- Coat of arms
- Interactive map of Gmina Niechanowo
- Coordinates (Niechanowo): 52°27′50″N 17°40′49″E﻿ / ﻿52.46389°N 17.68028°E
- Country: Poland
- Voivodeship: Greater Poland
- County: Gniezno
- Seat: Niechanowo

Area
- • Total: 105.31 km^{2} (40.66 sq mi)

Population (2006)
- • Total: 5,395
- • Density: 51.23/km^{2} (132.7/sq mi)
- Website: http://www.niechanowo.pl/

= Gmina Niechanowo =

Gmina Niechanowo is a rural gmina (administrative district) in Gniezno County, Greater Poland Voivodeship, in west-central Poland.

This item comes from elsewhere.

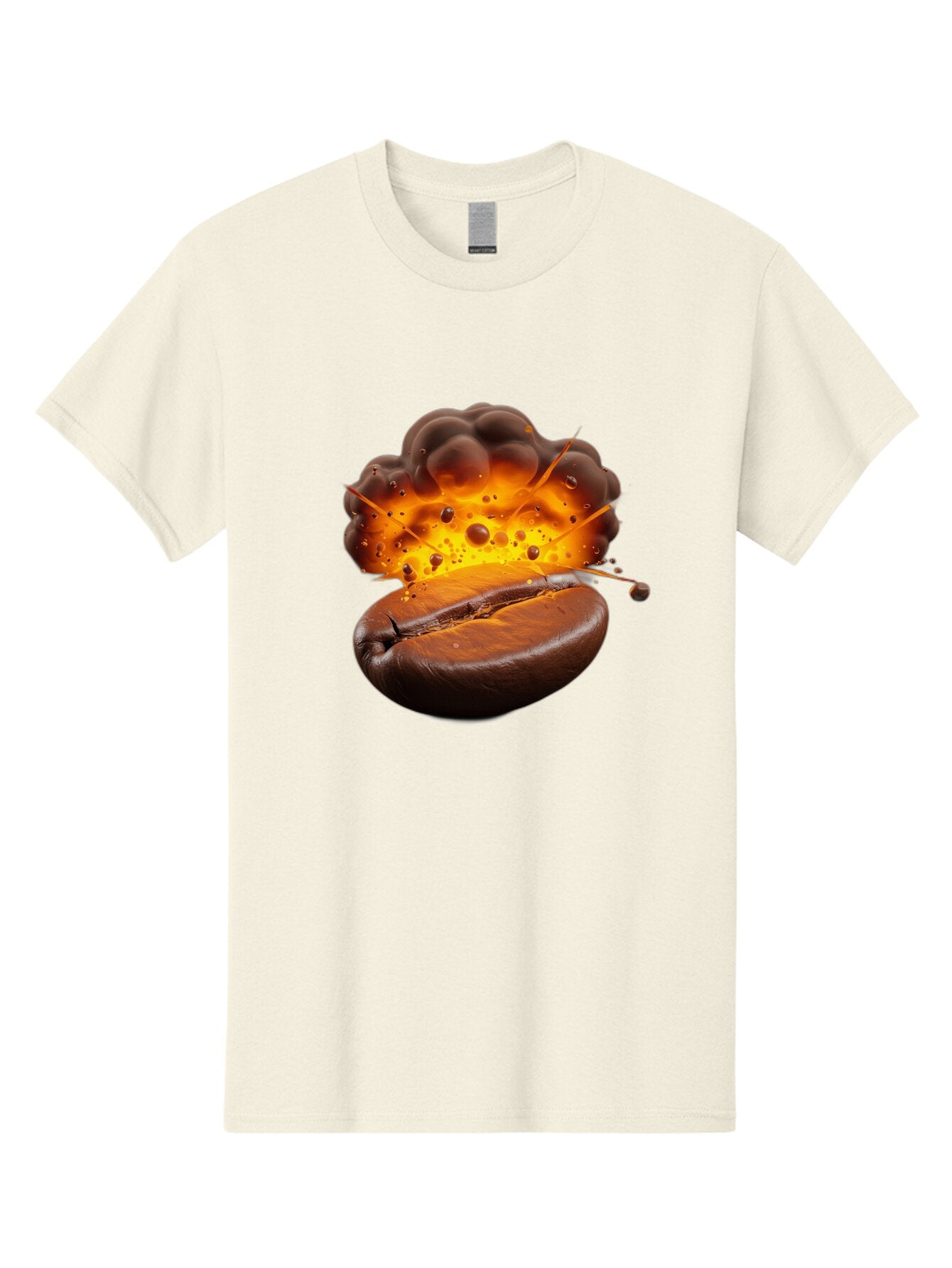 Exploding-Coffee-Bean Men'S Graphic Tee, 100% Cotton, Comfortable Casual Summer Wear, Machine Washable, Vintage Camera, Old Camera, Antique Camera, Black Camera, Classic Photography, Photography Equipment, Nostalgic Device, Film Camera, Baq790 13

Its seat is the village of Niechanowo, which lies approximately 10 km south-east of Gniezno and 53 km east of the regional capital Poznań.

The gmina covers an area of 105.31 km2, and as of 2006 its total population is 5,395.

==Villages==
Gmina Niechanowo contains the villages and settlements of Arcugowo, Cielimowo, Czechowo, Drachowo, Goczałkowo, Grotkowo, Gurówko, Gurowo, Jarząbkowo, Jelitowo, Jelonek, Karsewo, Kędzierzyn, Malczewo, Marysin, Mierzewo, Mikołajewice, Miroszka, Niechanowo, Nowa Wieś Niechanowska, Potrzymowo, Trzuskołoń, Żelazkowo and Żółcz.

==Neighbouring gminas==
Gmina Niechanowo is bordered by the town of Gniezno and by the gminas of Czerniejewo, Gniezno, Witkowo and Września.